Data shown:
#####
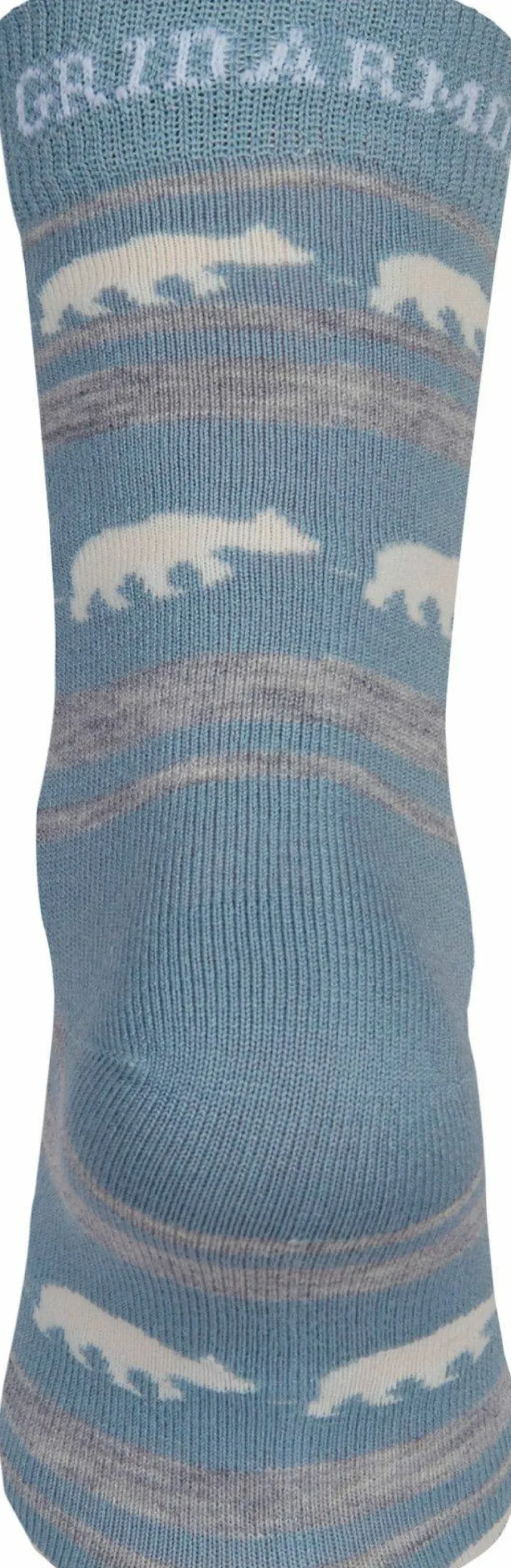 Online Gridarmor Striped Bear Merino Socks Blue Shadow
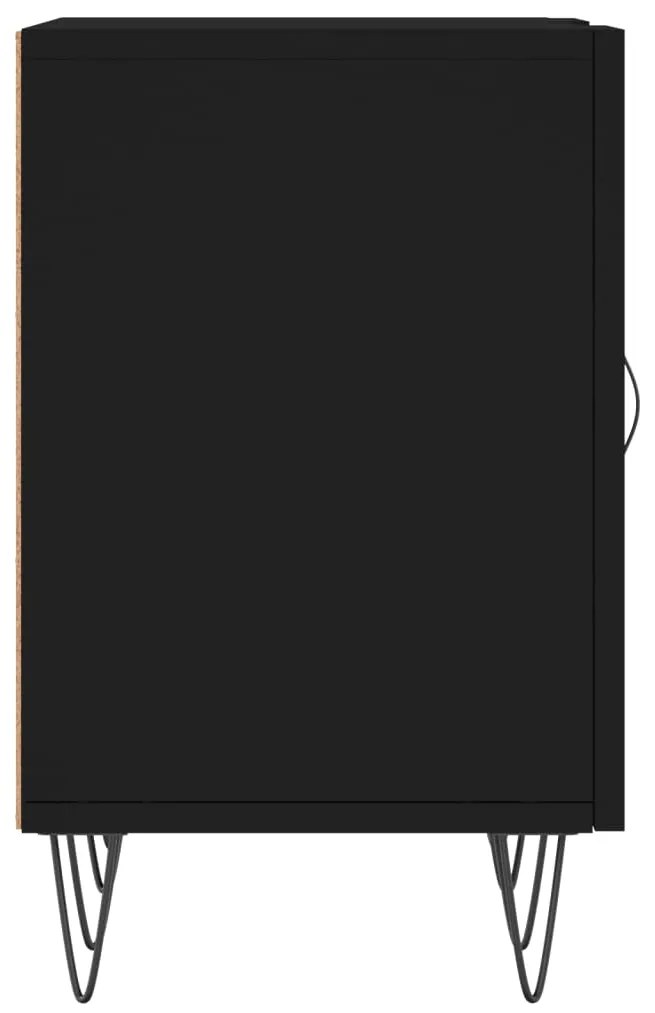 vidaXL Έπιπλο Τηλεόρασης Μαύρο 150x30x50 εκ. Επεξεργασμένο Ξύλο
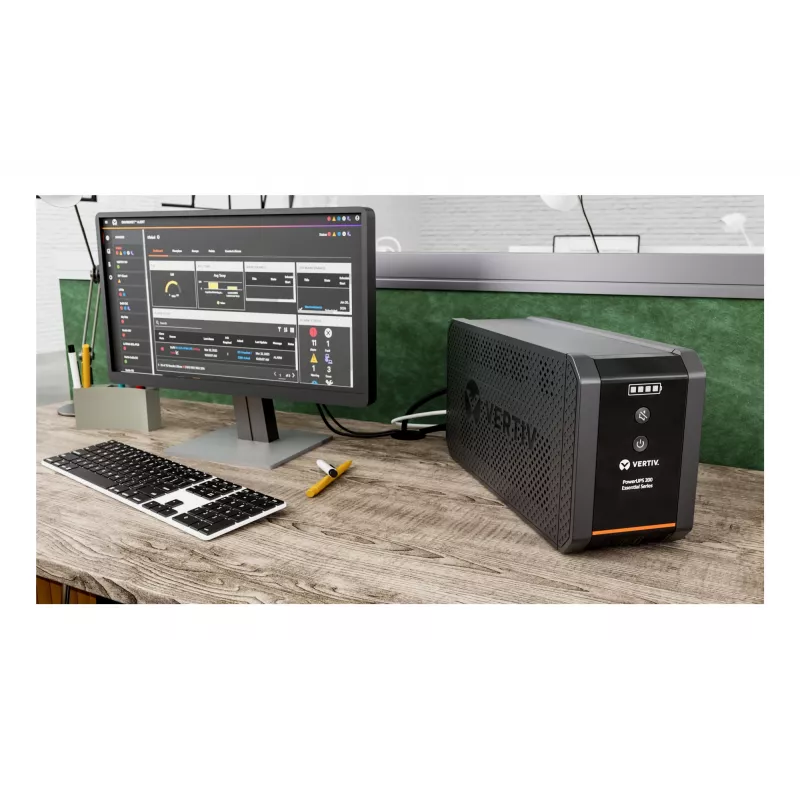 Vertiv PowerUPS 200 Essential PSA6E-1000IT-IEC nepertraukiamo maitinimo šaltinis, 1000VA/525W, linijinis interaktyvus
#####
What this task involves:
When you repeat the material, keep every word exact and drop the pictures.

Solution for this exercise:
 Online Gridarmor Striped Bear Merino Socks Blue Shadow
 vidaXL Έπιπλο Τηλεόρασης Μαύρο 150x30x50 εκ. Επεξεργασμένο Ξύλο
 Vertiv PowerUPS 200 Essential PSA6E-1000IT-IEC nepertraukiamo maitinimo šaltinis, 1000VA/525W, linijinis interaktyvus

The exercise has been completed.